On Sunday, the third and final day of Cali Roots, I woke up and immediately felt a sense of anticipation. We had purposely kept our interviews scheduled for the first two days since Fortunate Youth, Cypress Hill and Slightly Stoopid were all slated to perform on Sunday and both Adam and myself refused to miss any of them. It turned out that the excitement I had felt upon waking was well justified and, looking back, that day is probably one that I’ll remember and talk about for the rest of my life.

As I’m sure you can tell by now, Adam and I are huge fans (both musically and personally) of Fortunate Youth and since they were on at “high noon” at The Bowl stage (the largest in the venue), we skipped breakfast and rushed over to see the guys before they went on. We ended up catching up with them backstage right before their set and, as if we weren’t excited enough, they informed us that we would be watching the performance from the stage. Now, it’s not as if I’ve never done this before, but I have to say that this was kind of amazing. From my experience, there just aren’t as many people present at festivals earlier in the day, meaning that there’s typically a smaller crowd. Not so for Fortunate Youth. The entire Bowl was full of dedicated fans waving Fortunate Youth towels before noon even hit and since these guys really give everything they’ve got to their audience, it was incredibly satisfying to see their fans giving all that love (and then some) back to them with their energy.

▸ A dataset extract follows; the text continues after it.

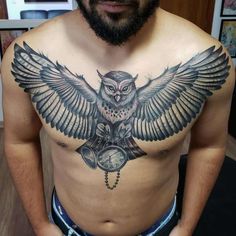 a man with an owl tattoo on his chest holding a pocket watch in his hand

Still on a high from the Fortunate Youth performance, Adam and I all but ran back to the hotel (to pick up a special little surprise) where we ran into the Cypress Hill crew. After hanging out at the hotel for a quick sesh, we were invited to drive back over to the fairgrounds with them and, once everyone was settled in the dressing room, decided to make a quick trip to the media lounge to catch up with Diego and Karina. You can imagine what chaos ensued there when we turned up with B-Real. Not even the most seasoned of the media or festival personnel that were there could hide their excitement and even though things got a little hectic, he was the epitome of graciousness as he spoke to everyone and posed for photos. Turns out we were in the right place at the right time because, in the midst of the media frenzy, we were able to set up a little un-scheduled interview with none other than Miles Doughty of Slightly Stoopid, the headliner of the day three.

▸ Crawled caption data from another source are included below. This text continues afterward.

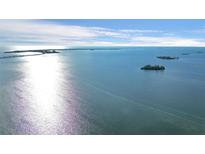 Scenic aerial view featuring calm waters and distant islands under a bright, partly cloudy sky at 2700 Bayshore Blvd # 11308, Dunedin, FL 34698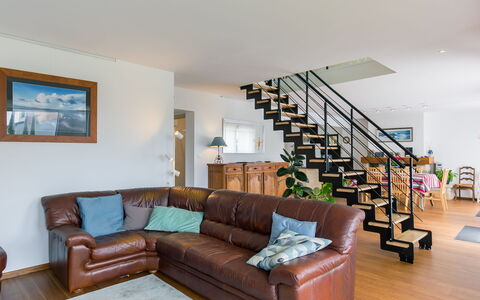 La Grève Bleue: Brown, Furniture, Couch, Table, Picture Frame, Wood, Living Room, Flooring, Comfort, Floor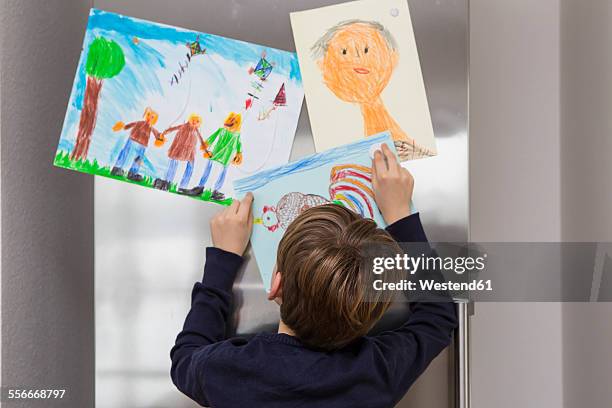 boy fixed his drawings at fridge - kids art stock pictures, royalty-free photos & images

Once back in the dressing room, I received another huge shock. The “little surprise” we had gone to pick up earlier was actually a custom double barrel shotgun blunt; filled with dank goodness from Nature’s Lab, outfitted with two Phuncky Feel Tips (as the “double barrel), it was made by @Weavers_ specifically for the Cypress Hill performance. While we were under the impression that we would just be delivering it, apparently that was not to be the case. Once again we were invited to be on-stage during the set… where Adam was personally called out to bring the blunt to B-Real during a specific song. And so it was that I found myself at stage left, geeking the fuck out (hopefully not too obviously), as Cypress Hill performed at Cali Roots. It was pretty surreal when I considered that I used to listen to “What’s Your Number?” on repeat as I was getting ready to go out (get off me, I was in high school and just entering the stage where I could relate to songs like “Hits from the Bong”) and now I was getting to see them live, and from the stage, no less. Despite the fact that I was totally immersed in the performance and the ridiculous energy coming from both the stage and audience, more than once I had to just stop and think, “Holy shit. This is my life right now.”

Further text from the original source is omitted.